L’il Boo is going through a ‘hello, I’m your worst nightmare and will be starring in my own version of The Exorcist shortly’ phase. i.e. he’s 15 months old. He is – and I’m searching for another word here, but when the naughty cap fits… – uncontrollable. Due to his complete inability lack of desire to understand that no really does mean no when it’s not at any point accompanied by an ‘aren’t you cute‘ smile, he has become the child that needs monitoring every, single second of every, single day. i.e. he’s fifteen months old. I say that again not because I’ve forgotten but so that I remember that this is a phase. And one which all babies-turning-into-toddlers go through.
Or at least I frickin’ hope so.
I am racking my brain to try and remember what Boogie was like at this age, to try and remember if she was this naughty. But, despite it all being so vivid and consuming at the time that the idea of forgetting a single moment seems laughable, you do forget. But from what I can remember – which I know isn’t much – I don’t think Boogie was as uncontrollable. I think that at this age she did understand the difference between a laughing ‘no‘ and a ‘this-is-dangerous-and-if-you-keep-doing-this-your-mother-will-have-a-minor-heart-attack’ no. Not that she didn’t have her own issues, mind.
But don’t worry. I’m not going to make the common mistake of turning my own very limited (and possibly untrue) experience into a whole line about gender differences – you know the one, like ‘my son was a bit naughtier than my daughter at a particular stage of his development therefore all boys are naughtier than all girls and therefore only men should be mechanics and physicists and professional wrestlers.’ Or any of the other kind of clap-trap you’ll hear on a daily basis (or indeed, hourly basis if you make the mistake of actually having two children of differing sexes).
But what does seem incontrovertible (unless you, like, believe The Daily Male) is that almost from the very hour of their birth (if not before), we do genderise our children, even those among us who try really, really hard not to. Studies show all kinds of ways in which we, as parents and as a society, treat girls and boys differently, leading, inevitably, to differing outcomes at a broad gender level. Often, even the way such studies are conducted can be seen to have an inherent gender bias. Which fact will fry your head if you think about it too long.
This means of course that every frickin’ minute I’m in a constant state of self-assessment trying to establish whether I’ve managed to overcome any of the inherent gender stereotypes which I hold sub-consciously (don’t look at me like that because you all do too unless you were raised in a vacuum), even if consciously I reject those stereotypes. Yeah, I know, I wouldn’t want to be me, either. It’s frickin’ exhausting. But knowledge is power, and the more I know the more success I have.

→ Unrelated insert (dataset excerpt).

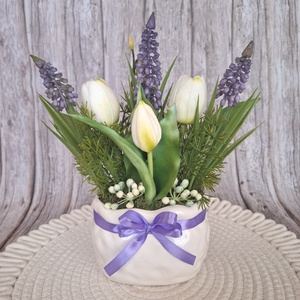 Tavaszi tulipános dísz II., Otthon & Életmód, Dekoráció, Asztal és polc dekoráció, Asztaldísz, Virágkötés, Tavaszi dísz élethű tulipánokkal és gyöngyikékkel.Kerámia kaspóba készült.
Mérete kb. 24x28cm.
Kérh..., MESKA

But still. Do I treat L’il Boo differently to Boogie? I know that the answer is yes, I do. The biggest difference (which even to me is noticeable) is that I’m much more laissez-faire about him. He gets to wander and climb and balance and shove things up his nose with distinctly less maternal shrieking than his sister ever experienced. So there you go: for all my good intentions, I’m already slipping into the stereotype that boys are just more physical and more able to cope with the consequences of that physicality (which today number one large forehead bruise from headbutting the stair tread in his attempt to climb the gate and one gashed nose from trying to dive into the toy box and slightly miscalculating the angle). Except I really don’t think the difference has anything to do with his gender and everything to do with his position in the family.

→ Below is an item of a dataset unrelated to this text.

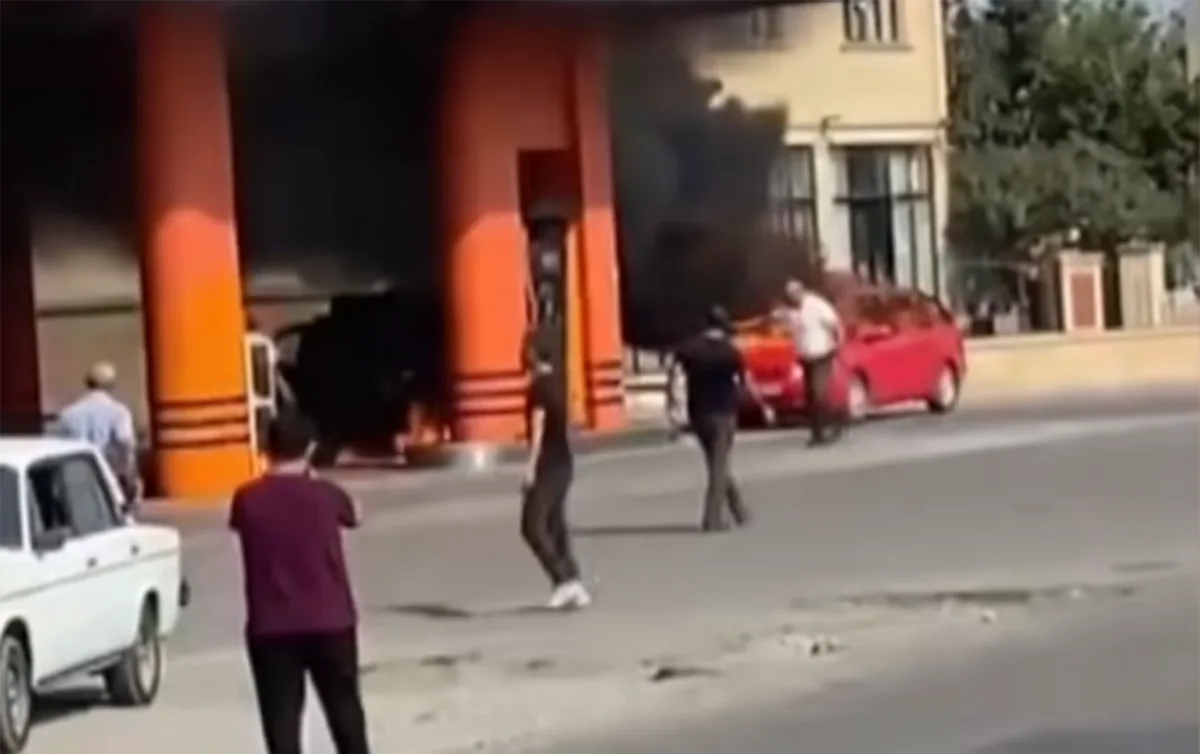 В Азербайджане очевидец предотвратил возможный взрыв на АЗС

He’s reaping the rewards of being the second child. Before I had Boogie, I lived like any sensible woman with no dependants: completely irresponsibly without a care in the world. When somebody placed Boogie in my arms, I realised that I was responsible for this tiny, fragile, delicate, breakable bundle and that realisation sent me a bit fruit-loopy. Well, a lot fruit-loopy. As a person who’s favourite phrase was ‘it’s not time to worry yet’ and who didn’t actually understand the concept of anxiety, I had no mechanism to cope with the over-whelming burden of a baby. As a result, I warped into the kind of over-protective mother you always seem to see featured on programmes about serial killers. My heart was so permanently in my throat that I thought I was having a heart attack every time I coughed. Ah, those were the days.
And now I’m (a bit) better. Boogie is encouraged to find and test her own ever-increasing limits while I do the same. And so it is with L’il Boo; he’s just starting younger.
So I give myself a break, but the fact still remains that, whether because of gender or not, my changed behaviour towards L’il Boo will probably lead (initially at least) to a more physically confident child. And this will be attributed by everybody as being because he’s a boy.